Just make sure they are AIP compliant as some superfoods are also nightshades, which aren’t compliant. Again, completely optional. You can make a beautiful sweet potato bowl with whatever you happen to have in the house.
You may be wondering if pomegranate arils are AIP compliant since they are technically seeds. I wondered the same thing. However, pomegranate arils as well as seeds from berries, kiwis, watermelon, cucumbers, zucchini, etc. are considered ok for AIP. This is because we don’t usually chew these seeds much.
Make sure they are unsweetened.
How to Make This AIP Purple Sweet Potato Breakfast Bowl
- Bake the purple sweet potatoes (see cooking instructions below).
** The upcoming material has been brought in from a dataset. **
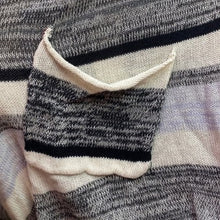 Load image into Gallery viewer, Altar'd State Cardigan Womens Medium Striped Waterfall Pockets Preppy Beachy

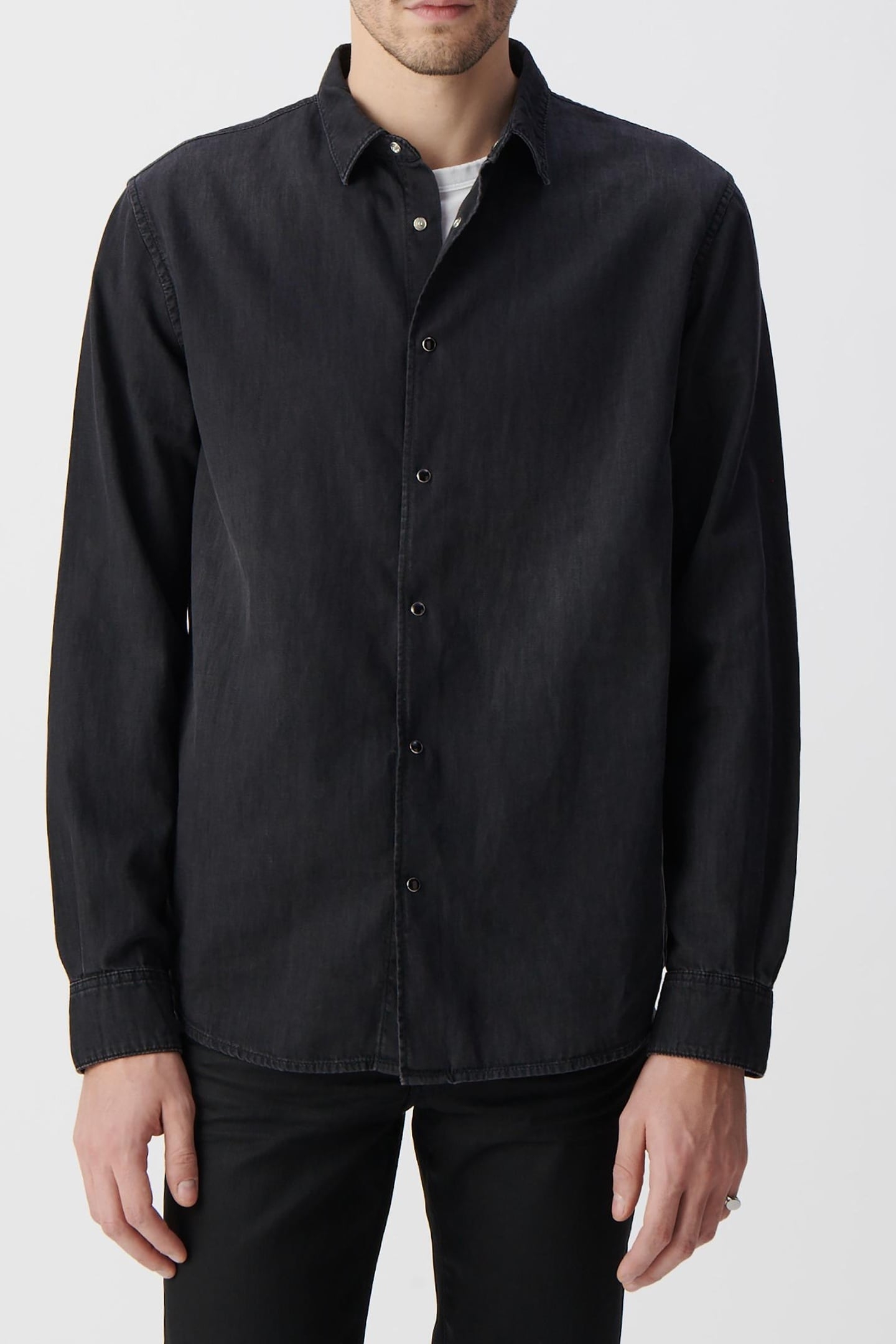 UPCYCLED BLACK DENIM WATERLESS REGULAR SHIRT 2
Allow them to cool (This sweet potato bowl is best served cool).
- Peel the skin from the potato.
- Add the purple sweet potato, banana, coconut milk, collagen powder, and vanilla bean powder to a high-speed blender and blend till smooth. *Alternatively, you can mash the mixture by hand with a fork or potato masher.
- Scrape the sweet potato mixture from the blender into a bowl and smooth out the surface.
- In a small dish, mix the beetroot powder (or other superfood powder) with a little coconut milk and add to the top of the sweet potato bowl.
- Add the rest of the toppings. Drizzle with a little more coconut milk if desired.
Types of Purple Sweet Potatoes
There are many different varieties of purple sweet potatoes but the most commonly seen in the US are:
Stokes purple sweet potatoes are a rich dark purple color, a little moist, fairly starchy, and dense. These have a super creamy smooth texture when baked or boiled. They’re mildly sweet and work well for both sweet and savory dishes.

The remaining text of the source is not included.